Optimization and fitting algorithms#

Fitting of 1D and 2D Gaussian functions#

Gaussian1DModel and Gaussian2DModel are models for the lmfit package for easy fitting of 1D and 2D Gaussian functions to data. For further information on how to use these, please refer to the lmfit documentation.

Examples

1D fit example: First create some data to work on.
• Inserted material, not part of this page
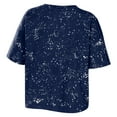 thumbnail image 3 of Women's WEAR by Erin Andrews Navy Michigan Wolverines Bleach Wash Splatter Cropped Notch Neck T-Shirt, 3 of 3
>>> x = numpy.arange(100)  # Create some data
>>> y = numpy.exp(-(x - 50)**2 / 8)

Now fit model to the data:

>>> m = optimize.Gaussian1DModel()  # Create model
>>> p = m.guess(y, x)  # Initial guess
>>> res = m.fit(y, params=p, x=x)  # Do the fitting
>>> res.best_values  # Show fitted parameters
{'offset': 4.4294473935549931e-136,
 'sigma': 1.9999999999999996,
 'center': 50.0,
 'amplitude': 1.0}
>>> res.eval(x=50.3)  # Evaluate fitted Gaussian at x=50.3
0.98881304461123321

2D fit example: Create data, a little more complicated in 2D.

>>> coords = numpy.indices((50, 100))  # Create data
>>> x, y = coords
>>> center = numpy.array([[20, 40]]).T
>>> centered_flat = coords.reshape((2, -1)) - center
>>> cov = numpy.linalg.inv(numpy.array([[8, 0], [0, 18]]))
>>> z = 2 * numpy.exp(-np.sum(centered_flat * (cov @ centered_flat), axis=0))
>>> z = z.reshape(x.shape)

Do the fitting:

>>> m = optimize.Gaussian2DModel()  # Create model
>>> p = m.guess(z, x, y)  # Initial guess
>>> res = m.fit(z, params=p, x=x, y=y)  # Do the fitting
>>> res.best_values  # Show fitted parameters
{'rotation': 0.0,
 'offset': 2.6045547770814313e-55,
 'sigmay': 3.0,
 'centery': 40.0,
 'sigmax': 1.9999999999999996,
 'centerx': 20.0,
 'amplitude': 2.0}
>>> res.eval(x=20.5, y=40.5)  # Evaluate fitted Gaussian at x=20.5, y=40.5
1.9117294272505907

Models#

class sdt.optimize.Gaussian1DModel(*args, **kwargs)[source]#

Model class for fitting a 1D Gaussian

Derives from lmfit.Model.

Parameters are amplitude, center, sigma, offset.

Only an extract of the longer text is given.